3.3.24

Gerüttel im Wald

In der vergangenen Nach war ich erst spät ins Bett gekommen, weil ich lange abgewartet hatte, bis Dunst sich verzogen hatte, um astronomische Beobachtungen anzufangen. An der Stelle, die mit dem roten Pfeil gekennzeichnet ist, wird wahrscheinlich im Laufe dieses Jahres die Wiederkehrende Nova T CrB ausbrechen. Darauf warte ich inzwischen seit 42 Jahren. Diesmal sieht die Vorhersage gut aus.

Nach 11 Uhr hatte ich dann bei dem schönen Wetter wieder richtig Lust aufs Einrad und fuhr 11:49 los. Ich wollte prüfen, ob die Waldwege inzwischen brauchbar sind. Wie am 18.2. machte ich dabei einen Kompromiss. Ich nahm das Einrad mit schmalen Reifen, um bei einem Fehlschlag bequem in Südost herumfahren zu können und zog dazu die trittstärkeren Black Forrest Stiefel an.
 

 

Zu Beginn nahm ich auf einem Parkplatz am Spatzennest ein mit der Pivo nachgeführtes Video auf. Bei den letzten Aufnahmen hatte ich festgestellt, dass die Nachführung klappt, aber die Auflösung für Einzelbilder etwas gering ist. Die App Pivo+ hat keine Einstellung des Auflösungsvermögens und bisher erfolgten die Aufnahmen in HD. Heute machte ich einen Test, ob es sich auswirkt, wenn man in der Kamera-App die Auflösung höher stellt. Das bewirkte nichts. Später fand ich eine App Pivo Play. Die lässt 4K zu. Muss ich beim nächsten mal ausprobieren.

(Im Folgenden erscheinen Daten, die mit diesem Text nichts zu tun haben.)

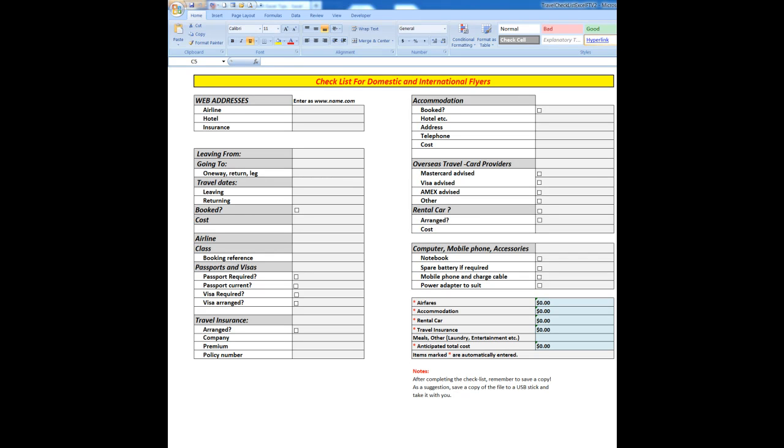Good morning, good afternoon or good evening wherever you may be. In a recent file that I uploaded to YouTube, a checklist for domestic and international flyers,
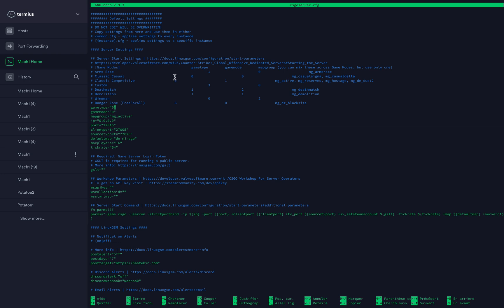Same for classic casual, zero and zero. I'm going to leave it on classic casual, so I'll just leave zero and zero. Map group, you don't need to change that unless you know what you're doing. If you want to have classic competitive, you need mg_active. That's going to be dust2, etc. The IP you can just leave it like that.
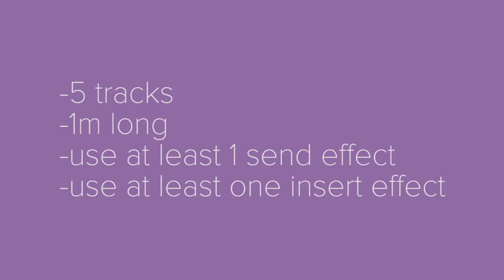Hey guys, hope you're doing awesome today. We just got done in class talking a little bit about send effects and how to use them. Today during class, I assigned you a little project to go onto GarageBand and create a song. It needs to have five tracks, it needs to be at least one minute long, and it needs to use send effects.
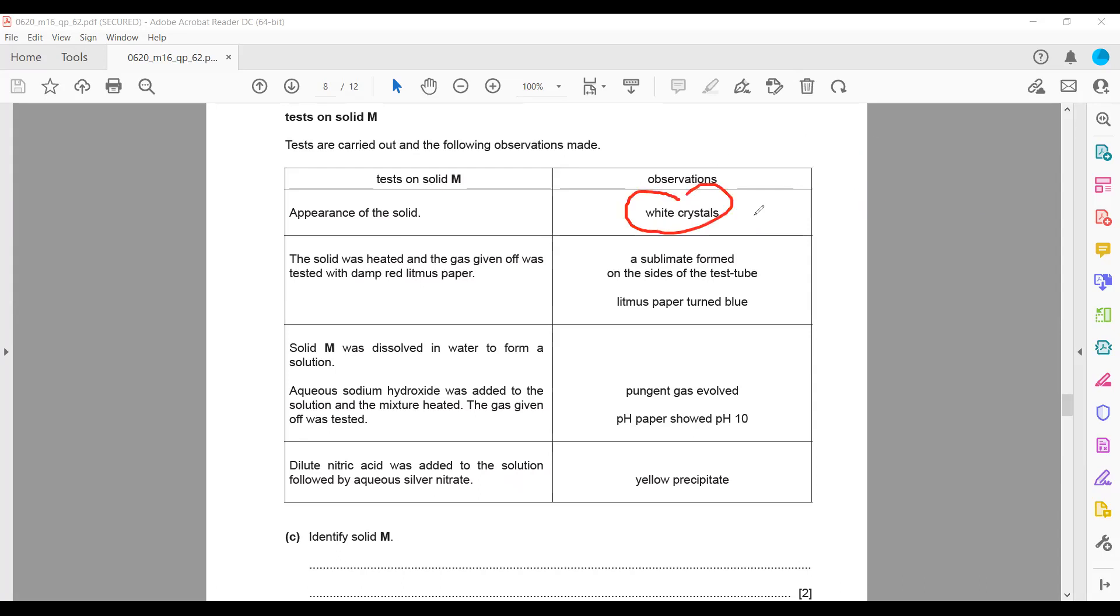The solid was heated and a gas was given off.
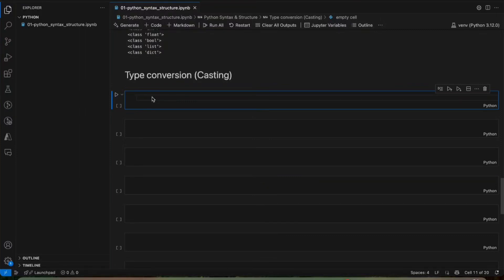Now we will see type conversion, that is casting. Type conversion is an important topic in Python. Type conversion means changing a value — we have variables storing some value, and that value has some data type. There might be a case where a variable holds a string type value and we want to change that to another data type. Type conversion means changing a value from one data type to another data type.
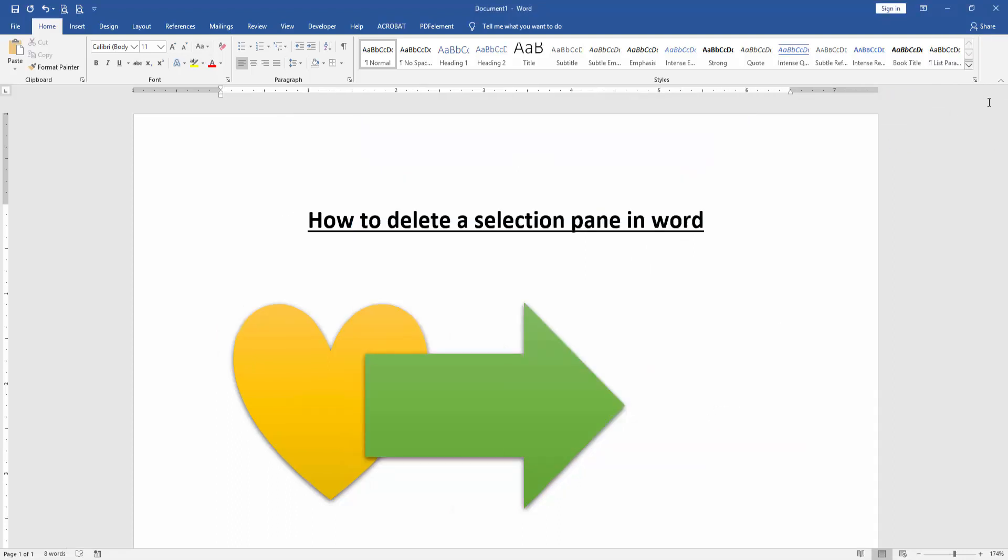Now we close the window and we can see here no selection pane showing.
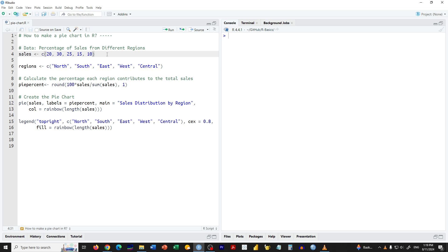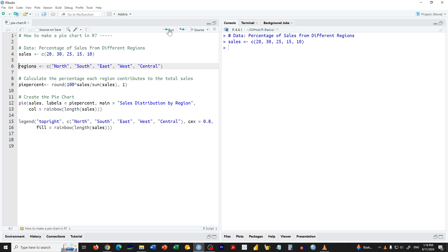First, we will start by setting up our data. Here we have a vector named sales that contains the percentage of sales from different regions. The regions are North, South, East, West and Central.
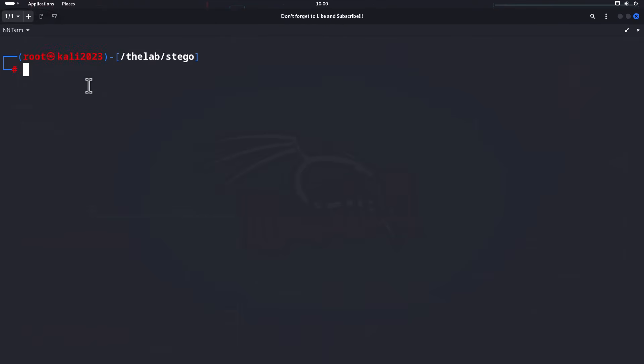Before we can do anything, we need to open up a terminal and verify that we have steghide, which is the tool we are going to use to perform our steganography. To verify, we can simply type in `which steghide`.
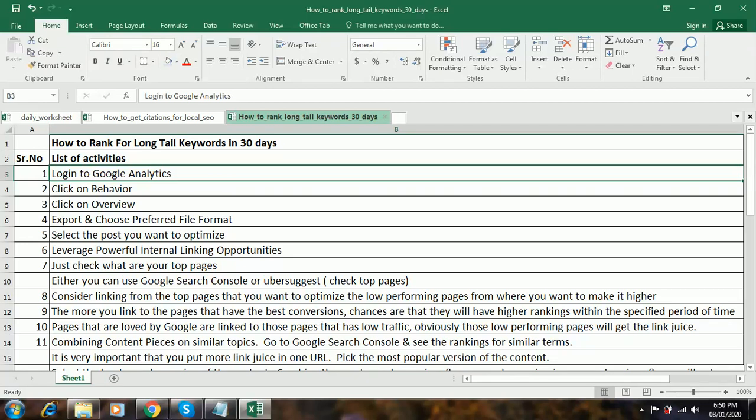Hello friends, my name is Madhur. I am a digital marketing specialist. Today I am going to teach you how to rank for long tail keywords in 30 days.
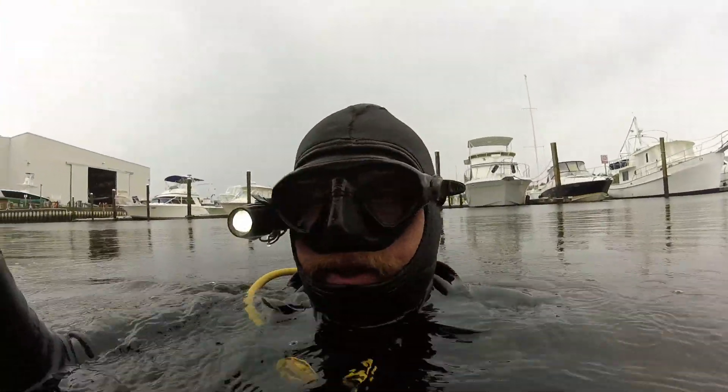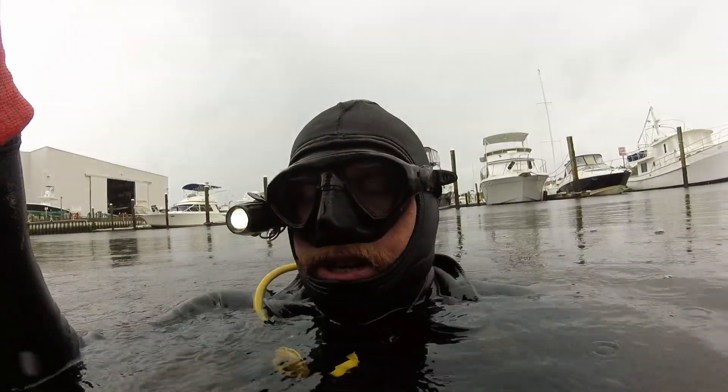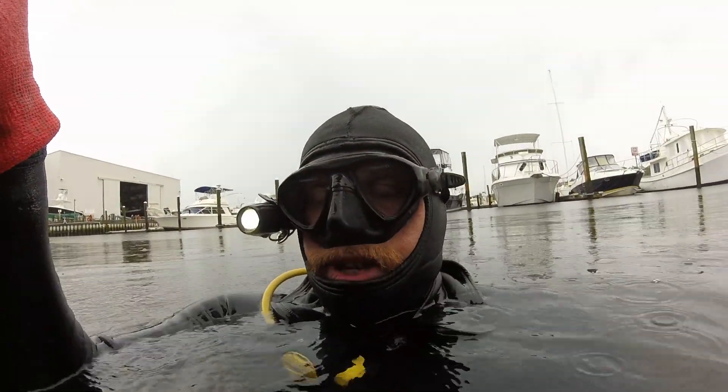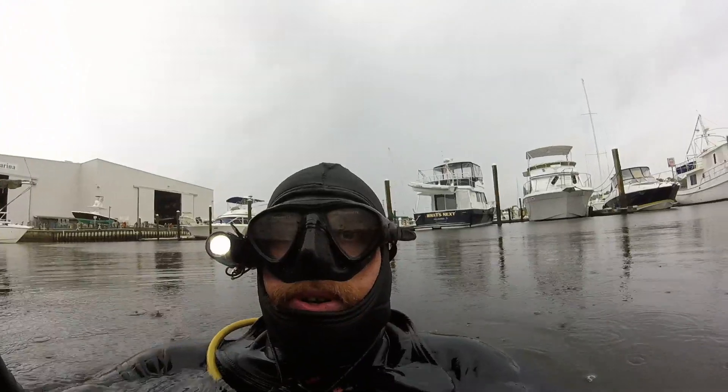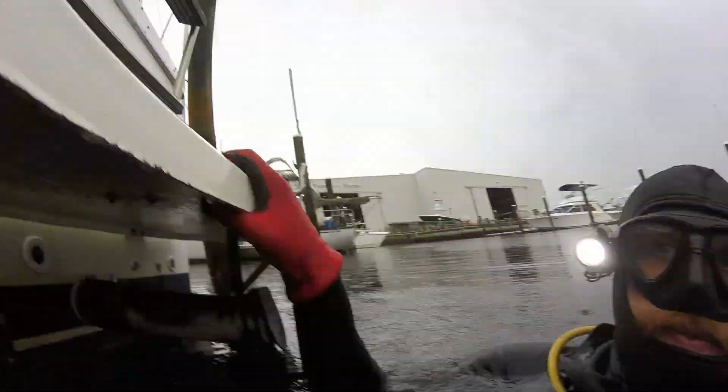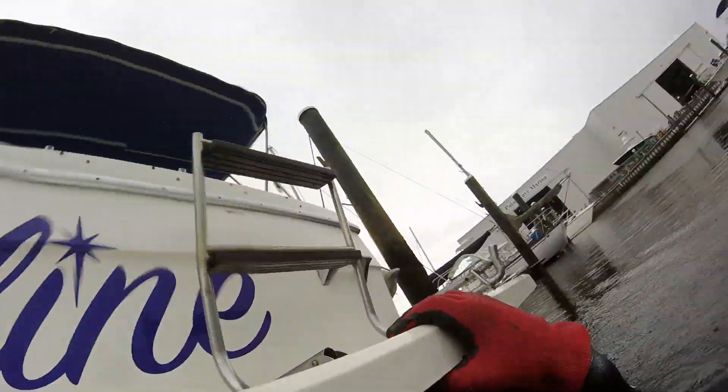This is David DS Diamond. This is the 28th of July 2019. I'm doing a quality control video on the vessel Caroline.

Evtl. brauchte das mehr an Licht etwas Gewinn.

Noch halb im Gegenlicht
Im besseren Licht
Zwischendurch pendelte ich kurz. Beim Abbremsen zu Beginn muss man sich weiter zurücklehnen, als zum Abstieg. Das Einrad muss zum Stehen gebracht werden und man muss drauf sitzen bleiben.
Ein Rückpendeln

Dann fahre ich wieder.

Ich machte mich dann auf den Weg in den Wald. Vor der letzten Straße vor dem Wald musste ich verkehrsbedingt absteigen. Im Wald war es dann trocken genug, um einen freien Aufstieg zu machen. Schlamm störte danach kaum. Wesentlich mehr störte das Gerüttel auf dem Schotter. Ich kam ohne Abstiege zur Paditzer Straße und dort aus dem Wald heraus.

An der Umgehungsstraße fuhr ich dann in Richtung Südwest. Die Sonne schien dabei kräftig. Ohne Jacke wäre es jetzt besser gewesen.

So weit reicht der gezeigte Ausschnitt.